John Seely Brown, a star among Silicon Valley’s digerati, tells Stephen Phillips that high-tech zealots and computer gurus have much to learn from another brilliant human innovation - the book
Nothing pleases John Seely Brown more than a good old-fashioned book. Such relish for paper, print and binding is unexpected in a leading member of Silicon Valley’s digerati. But for Brown, a book “is one of the most brilliantly designed artefacts”.
Until 2000, Brown was director of the Xerox Palo Alto Research Center (Parc), birthplace of the desktop computer, mouse, laser printer and other icons of the digital age. But he maintains a healthy scepticism about technology. In The Social Life of Information , which Brown wrote with Paul Duguid, he debunked gung-ho visions of technology as a panacea - in particular, heady predictions that virtual campuses would supplant physical ones. He still believes, nonetheless, that technology will transform higher education.
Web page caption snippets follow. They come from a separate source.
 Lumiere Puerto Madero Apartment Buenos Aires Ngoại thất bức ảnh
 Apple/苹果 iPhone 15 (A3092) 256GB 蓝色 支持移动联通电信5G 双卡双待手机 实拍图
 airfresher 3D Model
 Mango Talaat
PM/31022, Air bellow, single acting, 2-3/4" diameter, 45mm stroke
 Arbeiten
Brown attributes the demise of so many online higher education ventures to the fact that they got hung up on “the supply side” of pedagogy. Much technology fails because it forgets its users and neglects the social context in which information is consumed, Brown says. Not so a book - portable and aesthetically appealing, perhaps the ultimate user-friendly product, Brown says - or the traditional campus, which is a place of unequalled intellectual ferment.
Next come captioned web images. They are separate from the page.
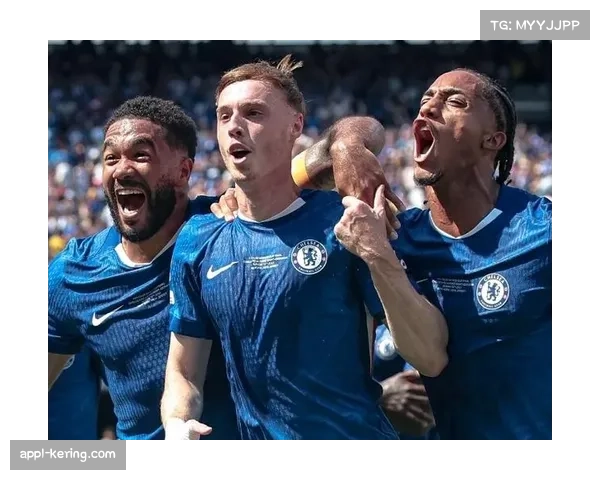 切尔西平局背后的中场隐患，恩佐缺阵影响攻防转换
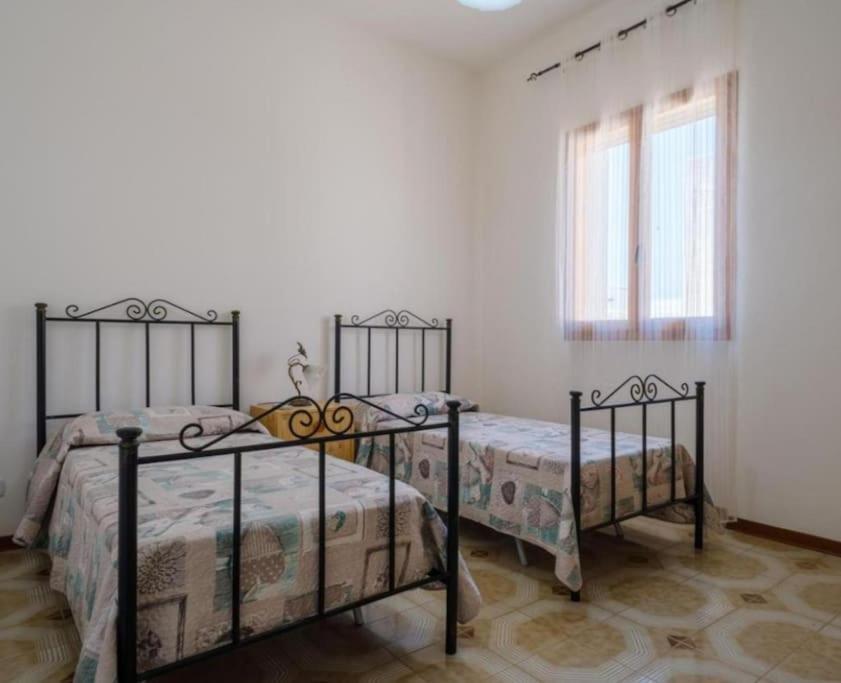 Casa Blasco Порто-Чезарео Экстерьер фото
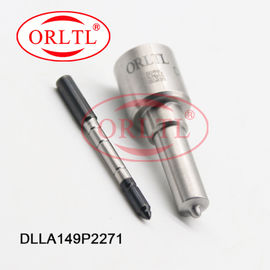 ORLTL 149P2271 P2271 Oil Gun Nozzle DLLA149P2271 Piezo Fuel Injection Nozzle DLLA 149 P 2271 For Bosch Injector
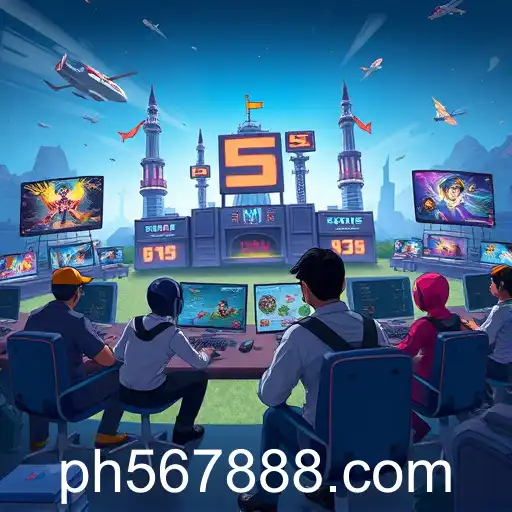 The Rise of Gaming Platforms in 2025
“We socially construct our understanding of information. Much learning happens outside the classroom on campus,” he says. “Where else do you get to rub shoulders with people from multiple disciplines and have this rich social life?”
The social and intellectual dimensions of campuses will endure, Brown says, but technology will transform them. “Students’ needs are changing [around] what it means to be literate and well educated in the 21st century.”
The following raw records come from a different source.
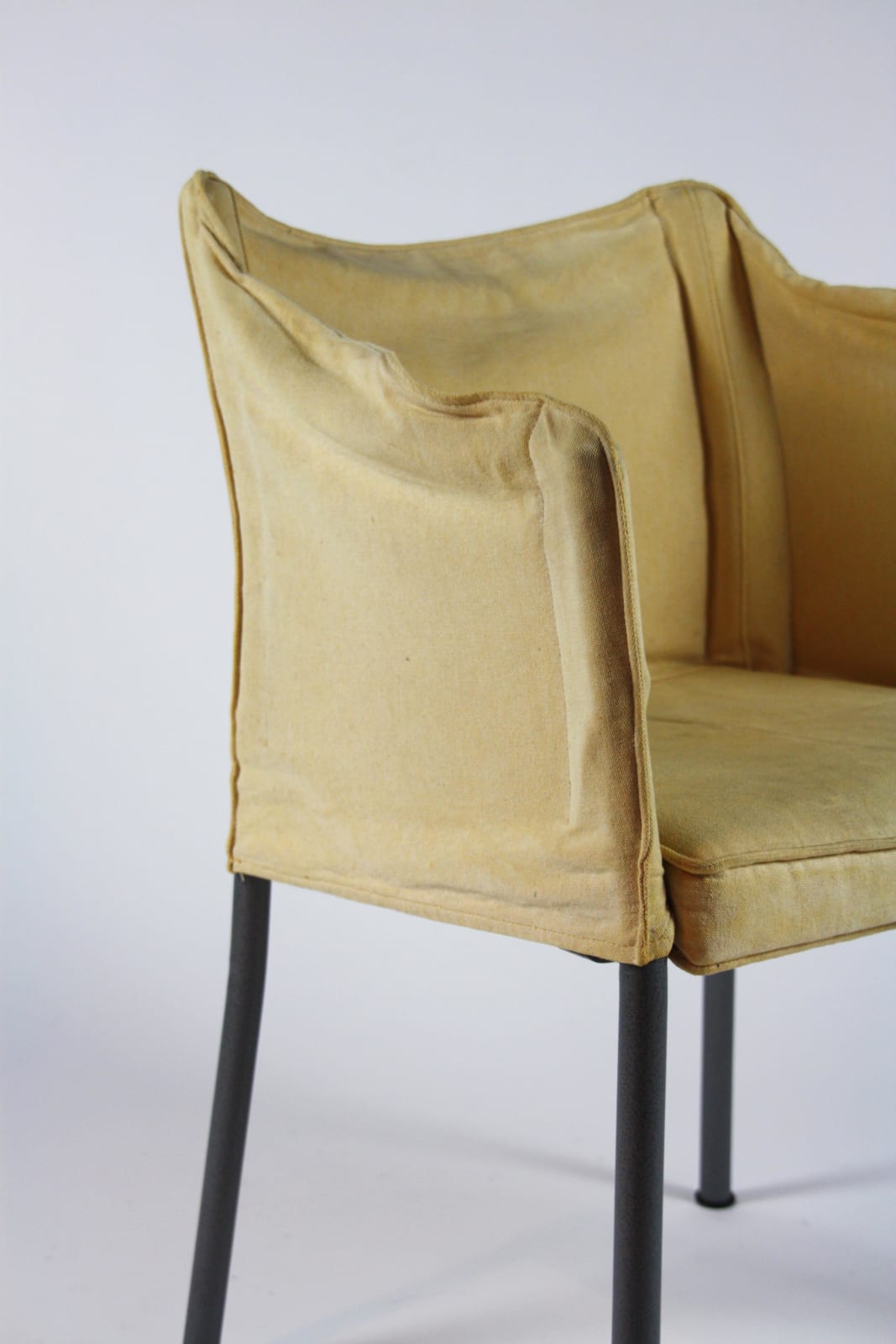 Philippe Starck, Fauteuil Dr. Bloodmoney, Ca. 1979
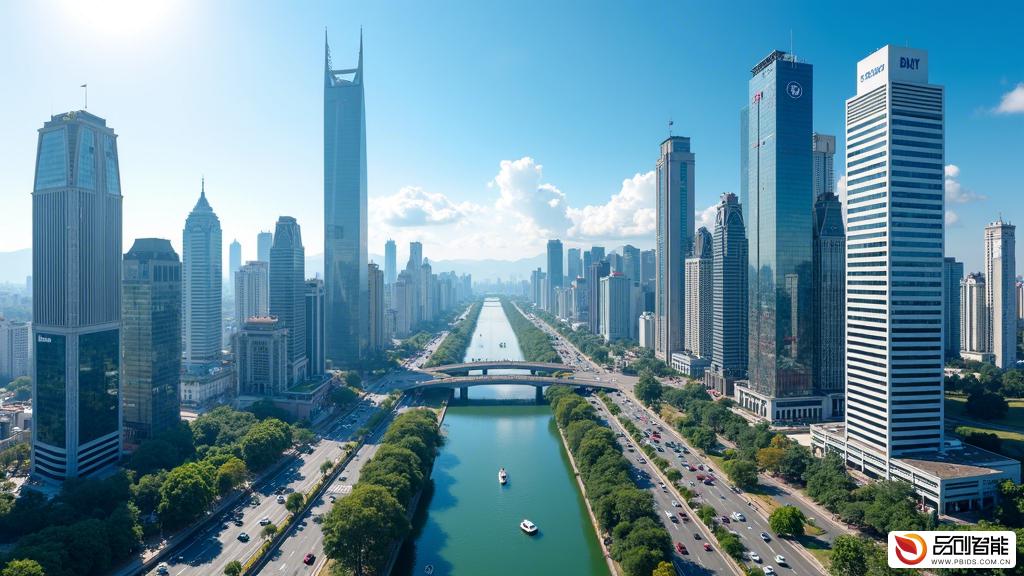 杭州市振动传感器数据分析研发中心的创新之路
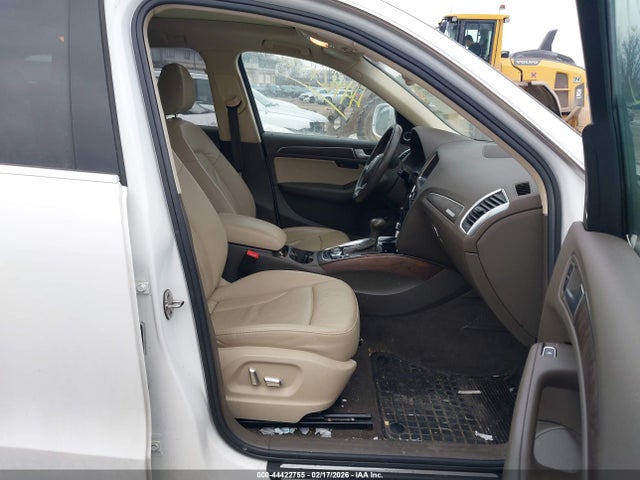 2014 AUDI Q5 WA1LFBFP3EA033923 Photo 4
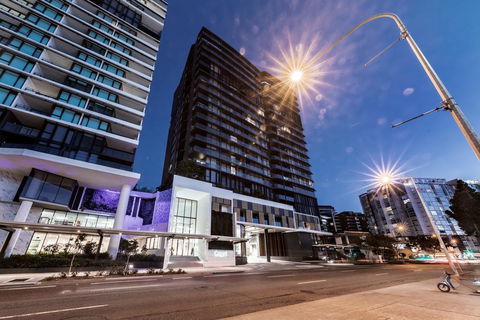 Apartment Newstead Central - Australian Directory 0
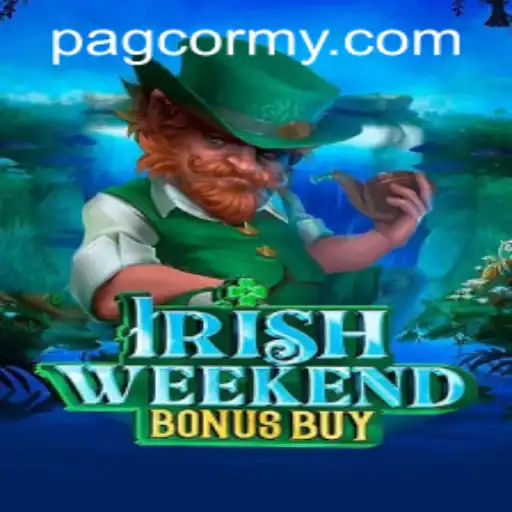 Discover the Excitement of 'IrishWeekendBonusBuy': A Thrilling Adventure in Gaming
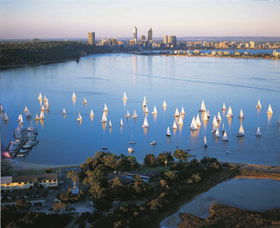 Swan River - Accommodation Whitsundays 0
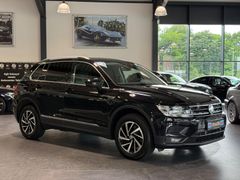 VW Tiguan - Ansicht 2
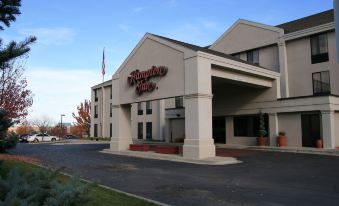 Hampton Inn Boulder/Louisville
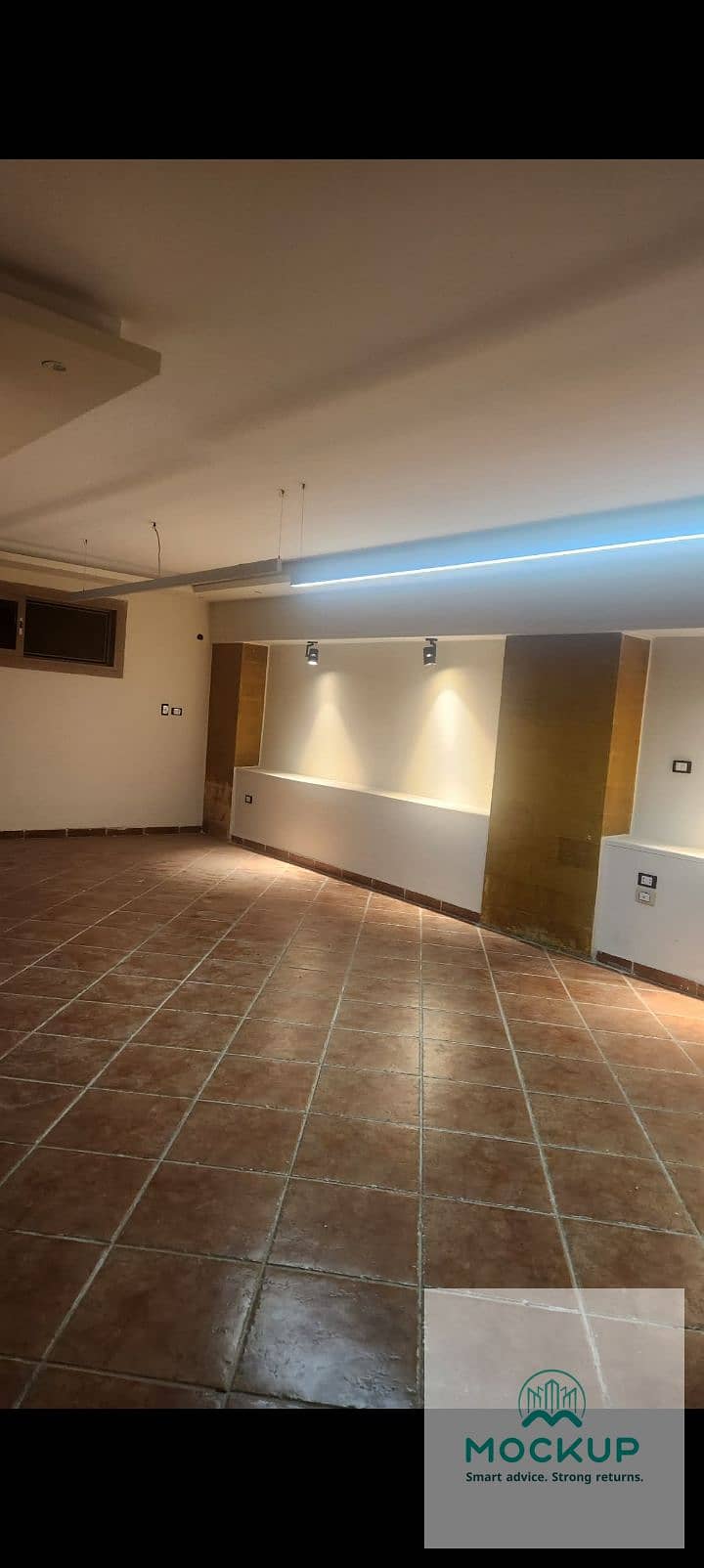 Apartment for rent 6th of October, 5th District - Widok 2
The web puts a “sea of information at everyone’s fingertips”, he notes. For information that used to be found only in libraries, “now you go to Google”. Such ease is exhilarating but dangerous, he warns. The soundness of information in campus libraries has been confirmed by librarians and academic publishers, but the provenance of much online content is dubious. It is vital that students gain critical thinking skills and the power of intellectual discrimination to navigate the morass, Brown advises.
Students also require critical thinking in new fields. “We need to expand notions of literacy. It’s as important that kids make movies as write essays,” he suggests, so they can deconstruct “digital semiotics”, such as how camera angles influence perception of films.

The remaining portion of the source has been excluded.